‘CODA’ Review: Really???
Name this movie: a high school student, in their senior year, finds themselves at a crossroads. On one hand they are pressured by their family into one kinds of life, but what they really want to do is sing, which is something their family doesn’t approve of or understand. However with the power of friendship, family, and music, they are able to have their cake and eat it too in a win-win for everyone.
While that could’ve been High School Musical or a litany of other made-for-TV movies, that is also the premise of Academy Award for Best Picture winner CODA. CODA is a fine film, of much higher quality than the standard feel-good Disney Channel gloop, but will get a whole lot of extra flack from me thanks to its baffling best picture win.
CODA, standing for Children of Deaf Adults, follows the story of Ruby (Emilia Jones), the only hearing member of her otherwise deaf fisherman family, who spends her senior year of high school torn between helping their struggling family business and pursuing her dreams of going to Berkley College of Music. Add in a high school crush and a stereotypically tough-but-fair eccentric music teacher and you can pretty much guess the plot of the entire movie beat-for-beat. The movie is so extremely predictable, that it skirts the line of being boring at times, as it does little to surprise.
The main reason to watch, rather than the story itself, is the performances of the deaf actors, Troy Kotsur, Marlee Matlin, and Daniel Durant as Ruby’s family, as well as the look into the lives of deaf people that is generally not seen by the wider public. All three do well, especially Academy Award winner Troy Kotsur as Ruby’s crotchety father figure with a heart of gold, a supporting character archetype that the Academy likes to give awards to as evinced by others like Alan Arkin in Little Miss Sunshine or Sean Connery in The Untouchables. Their interactions with each other and Ruby, as well as the many small domestic moments, give a rarely seen view into deaf life that, while obviously fictionalized to some degree, is illuminating nonetheless.
Technically, the film is solid with competent editing and sound. The cinematography has a certain artlessness to it, that gives the whole affair a made-for-TV feeling. It felt strange watching CODA in a movie theater, where the big screen only maximizes how dull the films looks, knowing that more elegantly photographed movies like The Power of the Dog were stuck being watched on laptops, phones, and TV sets.
While I cannot stress enough how rote the movie feels, there are a pair of scenes, one right after the other, that do offer something a little more than just paint-by-numbers storytelling. Ruby, at the end of her school year, performs a duet of “You’re All I Need to Get By” with her crush at the school’s year-end concert. However rather than hear the song, the sound fades out and we are given the performance from her family’s perspective. Unable to share in the experience with the rest of the audience, they sit and watch, and measure people’s reactions. It’s quite well done and brings some much needed pathos to her family. In the following scene, Ruby’s dad asks her to sing the song once again for him, and he puts his hands on her throat to feel the vibrations of her voice. These two scenes are pretty much the only reason to see this movie, and what save it from being entirely forgettable.
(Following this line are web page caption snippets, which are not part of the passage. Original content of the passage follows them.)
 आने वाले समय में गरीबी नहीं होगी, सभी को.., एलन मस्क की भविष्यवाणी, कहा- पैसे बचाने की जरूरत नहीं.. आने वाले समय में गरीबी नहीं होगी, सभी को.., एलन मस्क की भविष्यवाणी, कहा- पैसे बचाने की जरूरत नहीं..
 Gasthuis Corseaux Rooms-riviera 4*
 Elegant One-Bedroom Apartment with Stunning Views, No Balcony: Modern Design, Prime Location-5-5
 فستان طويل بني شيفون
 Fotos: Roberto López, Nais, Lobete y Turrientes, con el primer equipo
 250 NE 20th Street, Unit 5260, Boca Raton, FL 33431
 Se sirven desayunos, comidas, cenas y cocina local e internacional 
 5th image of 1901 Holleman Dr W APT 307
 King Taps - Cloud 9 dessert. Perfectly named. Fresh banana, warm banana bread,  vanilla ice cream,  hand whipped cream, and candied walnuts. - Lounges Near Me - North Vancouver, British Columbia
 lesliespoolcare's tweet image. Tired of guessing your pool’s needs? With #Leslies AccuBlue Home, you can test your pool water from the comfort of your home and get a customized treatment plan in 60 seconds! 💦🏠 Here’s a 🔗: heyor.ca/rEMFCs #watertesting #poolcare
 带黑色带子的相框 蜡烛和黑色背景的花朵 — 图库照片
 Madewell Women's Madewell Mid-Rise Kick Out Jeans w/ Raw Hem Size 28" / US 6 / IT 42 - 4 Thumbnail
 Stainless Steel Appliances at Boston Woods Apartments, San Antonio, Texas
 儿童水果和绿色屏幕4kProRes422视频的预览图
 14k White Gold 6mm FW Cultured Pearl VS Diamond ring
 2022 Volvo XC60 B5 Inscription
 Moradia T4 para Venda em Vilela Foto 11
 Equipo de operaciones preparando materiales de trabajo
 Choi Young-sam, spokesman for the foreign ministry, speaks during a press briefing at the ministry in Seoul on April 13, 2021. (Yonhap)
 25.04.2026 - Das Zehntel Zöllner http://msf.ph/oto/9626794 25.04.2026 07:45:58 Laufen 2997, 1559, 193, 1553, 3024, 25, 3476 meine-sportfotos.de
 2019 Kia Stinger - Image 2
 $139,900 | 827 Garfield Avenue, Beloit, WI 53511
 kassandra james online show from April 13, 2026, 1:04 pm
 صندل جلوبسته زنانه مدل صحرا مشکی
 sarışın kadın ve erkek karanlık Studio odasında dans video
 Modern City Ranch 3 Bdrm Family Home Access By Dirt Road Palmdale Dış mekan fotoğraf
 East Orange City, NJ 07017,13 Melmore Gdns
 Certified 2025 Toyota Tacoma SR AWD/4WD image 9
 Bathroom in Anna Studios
Why CODA was selected as the Best Picture of 2021 remains a mystery to me, and seeing the movie has only muddied the water as to what the answer truly is. I can’t help but wonder how this will compare to other winners of years’ past. Will it be remembered like Parasite, as the underdog that reminded voters and viewers what the possibilities of cinema truly were? Or will it be remembered like Crash, a so-so movie that surprised everyone by winning and then was instantly forgotten? Who knows.